And here are some video screenshots, also using very high ISOs.  (It was darker than it appears here–in person, the walls and floor looked almost black):

These were challenging conditions, to say the least.  But didn’t appear to be much of a challenge for the Z8.  (And the Z6 AF did better than I expected, but not as good as the Z8).

Video & Audio

I do quite a bit of video and always prefer a small setup, and this was a big factor for me choosing the Z6 and now the Z8.  And why I’d have preferred a Z6iii.  There are a few things I don’t particularly like on the Z8.  Some of these are minor, and some are pretty major for me:

  • No native DCI resolutions–they are all UHD.  Is 4096×2160 too much to ask for?
  • No true 24FPS.  23.976FPS only
  • No BRAW (for DaVinci Resolve).  Minor.
  • Slight VF lag during oversampled video, but much better than the Z6.  (This is because the camera is actually reading and processing all of the pixels during video, unlike during stills mode where the EVF is line-skipping).  Minor.
  • No open gate to support 2x anamorphic lenses.  Minor.
  • Apparently the same audio preamps, which I’m not a fan of on the Z6.  I’ll have to do some tests on the Z8.
  • The list of video formats in the menu can get to be long because it shows combinations of resolution and frame rates.  This may even limit our available options.  For example, there are 4 items for 1080 (HD), each with a different frame rate.  Better would be one submenu item for resolution and a separate submenu item for framerate, which would allow for easier navigation through more combinations.  I’d like to see something more like (and note that not all of these exist on the Z8, but they could ideally be added via firmware):
    • Resolution:
      • 8256 x 4644
      • 8192 x 4320 (8K DCI)
      • 7680 x 4320 (8K UHD)
      • 4096 x 2160 (4K DCI)
      • 3840 x 2160 (4K UHD)
      • 1920 x 1080 (HD)
    • Frame Rate:
      • 120 FPS (subsampled)
      • 100 FPS (subsampled)
      • 59.94 FPS
      • 59.94 FPS (subsampled)
      • 50 FPS
      • 50 FPS (subsampled)
      • 48 FPS
      • 29.97 FPS
      • 25 FPS
      • 24 FPS
      • 23.976 FPS

That above list would be up to 66 menu items using Nikon’s current menu system.  So Nikon:  as you get more serious about video, please split these and give us more resolutions and framerates.  Like how other manufacturers do.

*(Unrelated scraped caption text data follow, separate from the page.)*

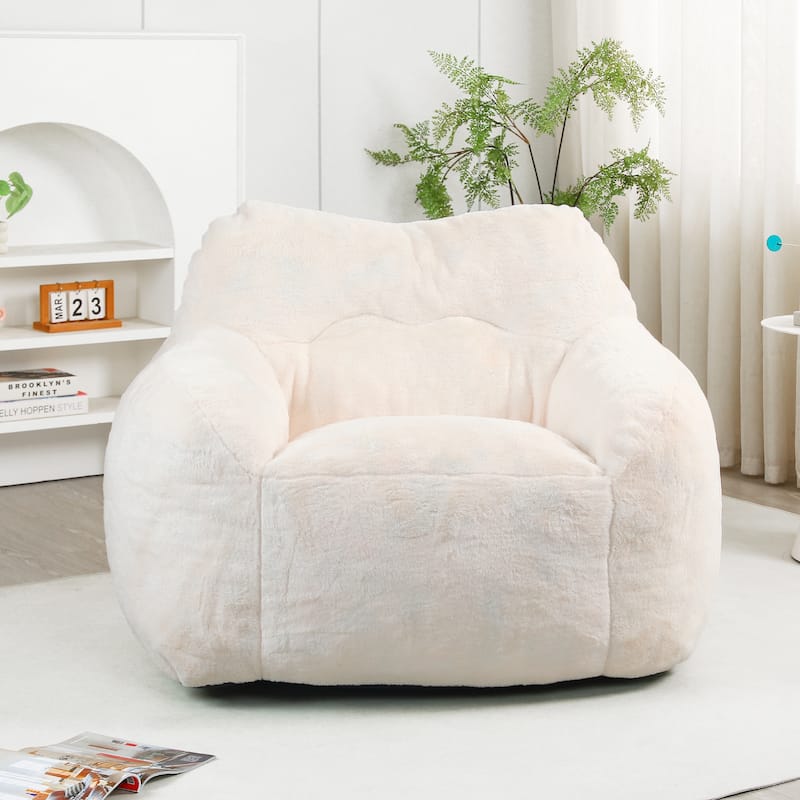 Bean Bag Chair, Bean Bag Sofa Chair with Armrests Stuffed High-Density Foam, Lazy Sofa Comfy Chairs BeanBag Chair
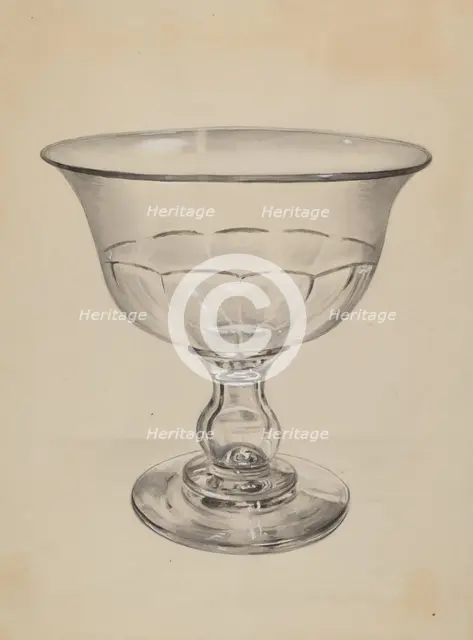 Compote, c. 1940. Creator: John Tarantino.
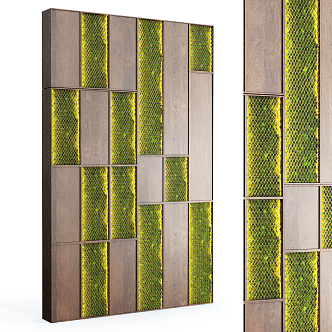 Modern Plant Wall 3d model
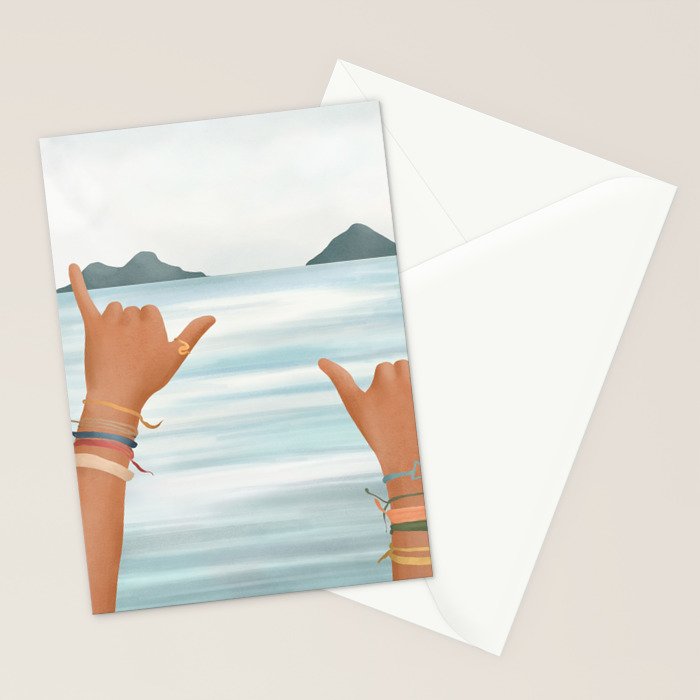 Shaka Sign Stationery Card Gallery Image 2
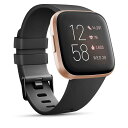 コンパチブルバンド女性男性交換用対応 Fitbit Versa2 バンド、Fitbit Versa バンド、Versa Lite/SE バンド スポーツバンド、アドバンストフィットネストラッカー用ソフトシリコン調整可能防水スト(2)
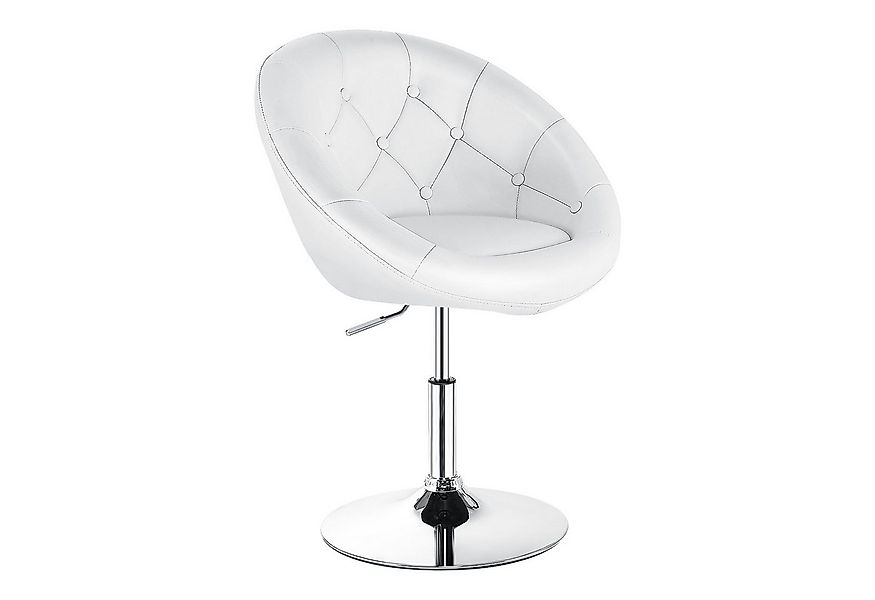 COSTWAY Drehstuhl, gepolstert, höhenverstellbar & drehbar, bis 150kg, weiß günstig online kaufen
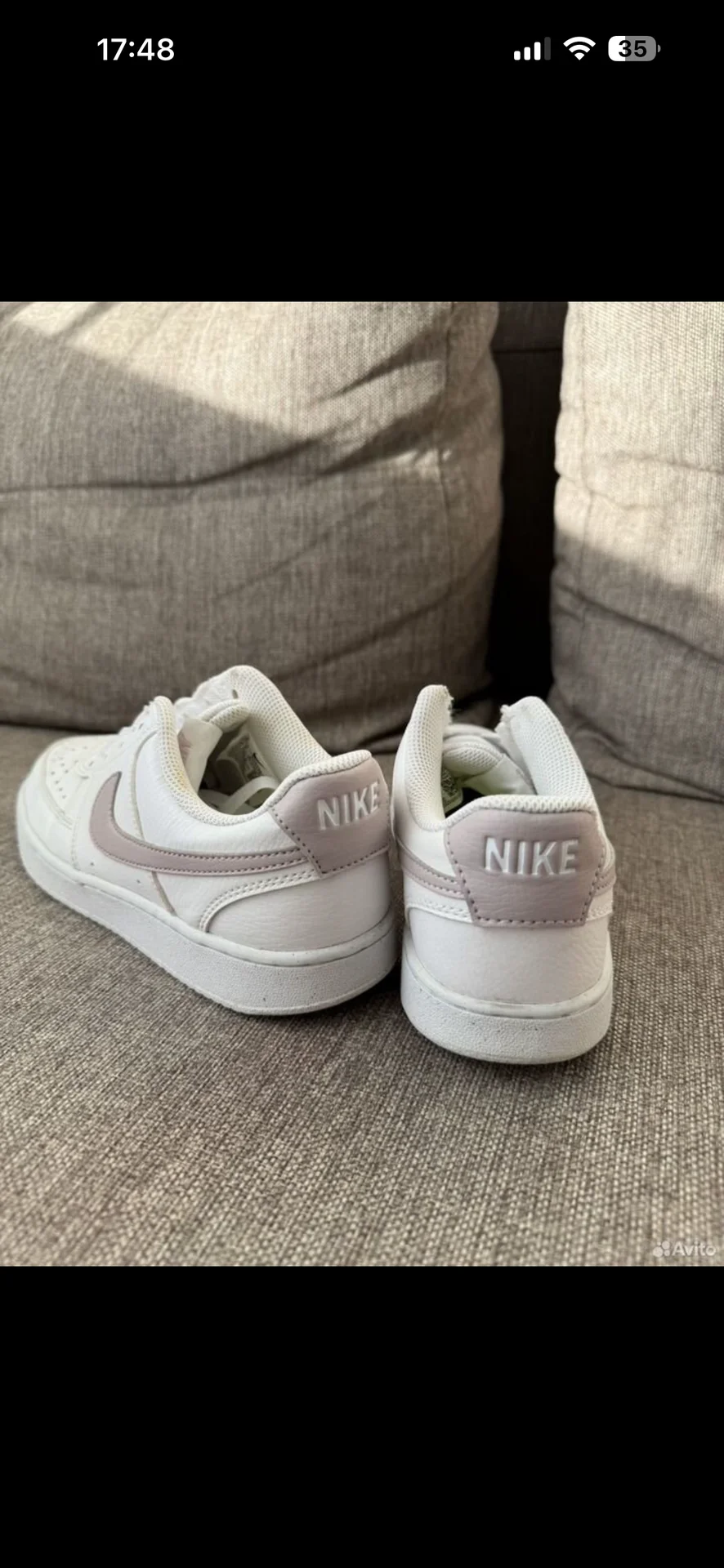 Кроссовки кеды женские Nike оригинал - миниатюра 4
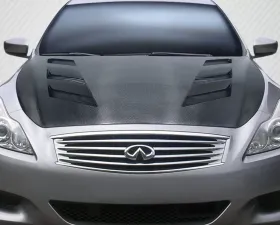 2008-2015 Infiniti G37 | Q60 Carbon Creations DriTech AM-S Hood - 1 Piece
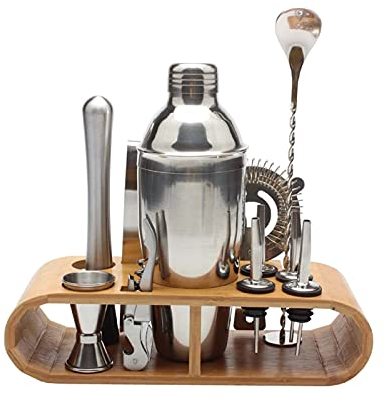Cocktail Shaker 12-piece Cocktail Shaker Set Stainless Steel Bartender Kit Professional Bartending Tools Bar Beverage Mixing Shaker for Bars, Homes, Parties Bartender
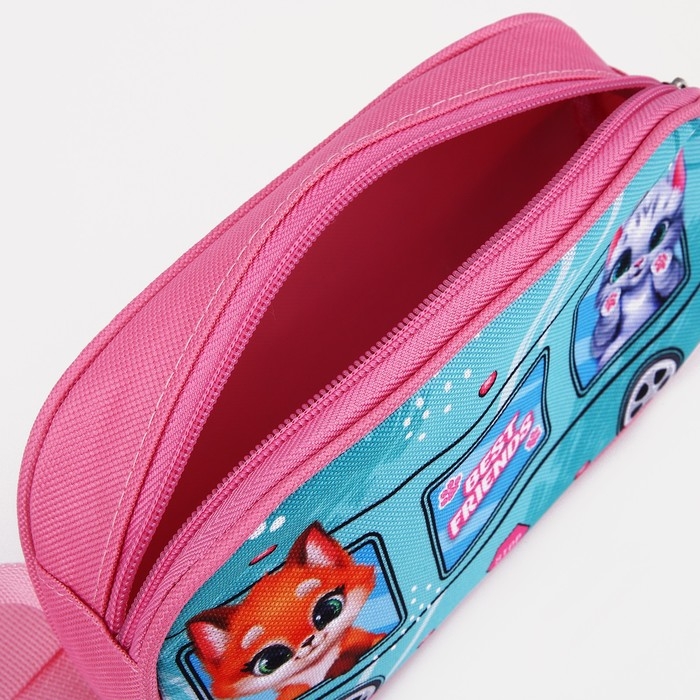 Сумка поясная детская для девочки &laquo;Лучшие друзья&raquo; 20х11х4см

There are also a few things I really like about video on the Z8:

  • Good choice of internal codecs, including 10-bit Prores 422 HQ
  • 24-bit, 48KHz linear PCM audio
  • High bit-depths
  • 4K oversampled from 8K up through 60FPS.  This means each output pixel in 4K has full color information as well, unlike a native 4K sensor.
  • Good video-oriented frame-lines, including for 2.4:1.  Yes, for cinema people, the camera will draw a 2.4:1 box to help you frame while you’re shooting 16:9.
  • Very customizable viewfinder/display, including removing most icons and info.  Lets you focus on the framing and feels like you’re watching a movie rather than a viewfinder.
  • Live USB-C power!  Not just charging when the camera is off.
  • Good heat management (so far).  (I’ve written about this in the past, but this was expected: some compare to the Canon R5, but that uses dual pixels, which significantly increases heat generated).  I have yet to have the camera overheat, and I’ve done hours of video, including outside in heat.
  • (minor):  Full sized HDMI for external connections.  Makes it easy to use a standard cable connect to a television to immediately see footage, instead of that one cable you’ve “misplaced.”

Then, there are things that I think I’m supposed to like about video on the Z8 but really don’t care about:

  • Ability to digitally zoom 2x, and still output 4K.  Maybe I’ll use this one day?
  • Raw video.  It’s a cool spec, but I don’t plan on ever using it.  But I like that Nikon offers it, primarily because I hate Red’s business practices.

I think if Nikon could specifically add support for 4K DCI and true 24FPS in ProRes HQ 422, it would enable more use cases for anyone with a cinema-type application.  The closest thing currently is 4K UHD at 23.976 in ProRes HQ 422–close but not quite there.  The camera is technically capable of this–there’s no technical reason it couldn’t be deployed via firmware.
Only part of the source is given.